■ INFORMATION:
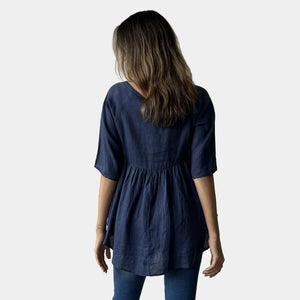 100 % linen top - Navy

--

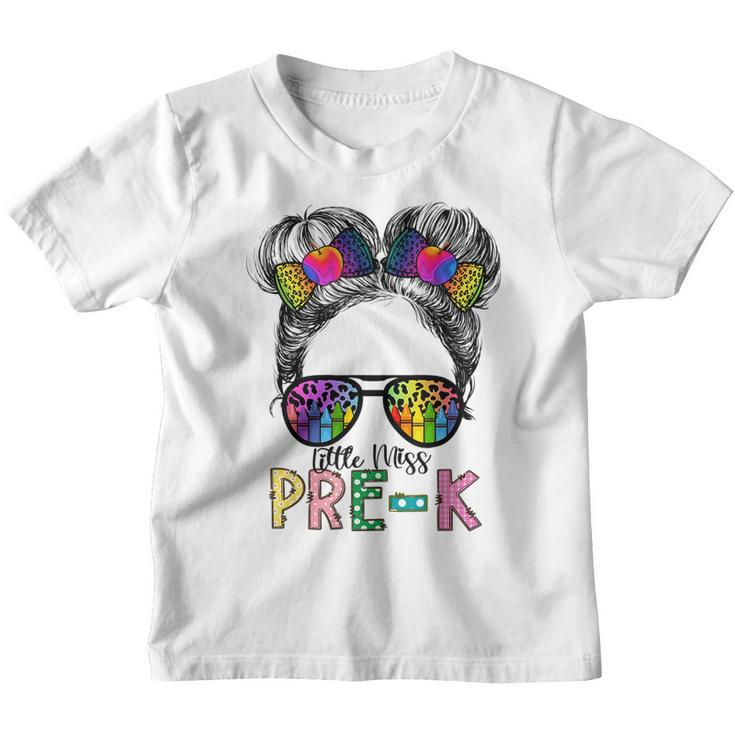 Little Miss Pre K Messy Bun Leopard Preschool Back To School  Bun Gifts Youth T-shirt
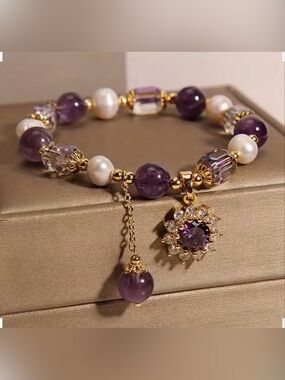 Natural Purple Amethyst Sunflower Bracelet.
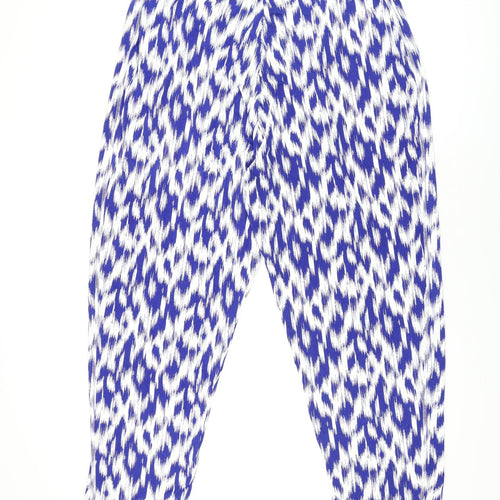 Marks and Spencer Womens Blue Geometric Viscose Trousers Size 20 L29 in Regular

■ YOUR ASSIGNMENT:
An exact copy is needed of the entries above, starting at the line that holds "Natural Purple Amethyst Sunflower Bracelet." and stopping at the line that holds "Marks and Spencer", both kept; pictures stay out.

■ OUTPUT FOR THIS TASK:
 Natural Purple Amethyst Sunflower Bracelet.
 Marks and Spencer Womens Blue Geometric Viscose Trousers Size 20 L29 in Regular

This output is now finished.